= Assaracus =

Mythological Greek king

In Greek mythology, Assaracus (/əˈsærəkəs/; Ancient Greek: Ἀσσάρακος Assarakos) was a king of Dardania.

== Family ==
Assaracus was the second son of Tros, King of Dardania by his wife Callirhoe, daughter of Scamander, or Acallaris, daughter of Eumedes. He was the brother of Ilus, Ganymede, Cleopatra and possibly of Cleomestra. Assaracus married Hieromneme, daughter of Simoeis; others say his wife was Clytodora, daughter of Laomedon. By either of them, he became the father of his son and heir Capys.

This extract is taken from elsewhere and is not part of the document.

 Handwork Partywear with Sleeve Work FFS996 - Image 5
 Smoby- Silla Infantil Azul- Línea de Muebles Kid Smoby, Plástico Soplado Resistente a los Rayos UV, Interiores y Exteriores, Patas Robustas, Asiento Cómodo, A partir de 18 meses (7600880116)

According to a less common version, Aesyetes and Cleomestra were also mentioned as parents of Assaracus. In this account, his brothers were Alcathous and Antenor. According to the Roman mythographer Hyginus, Ganymedes was not a brother of Assaracus, but rather his son.

== Mythology ==
Assaracus inherited the throne of Dardania when his elder brother Ilus preferred to reign instead over his newly founded city of Ilium (which also became known as Troy). When he died, the kingship passed to his son Capys. As a tribute to all his good work, Assaracus was buried in the midst of Troy, close to the temple of Athena and the later palace of Priam.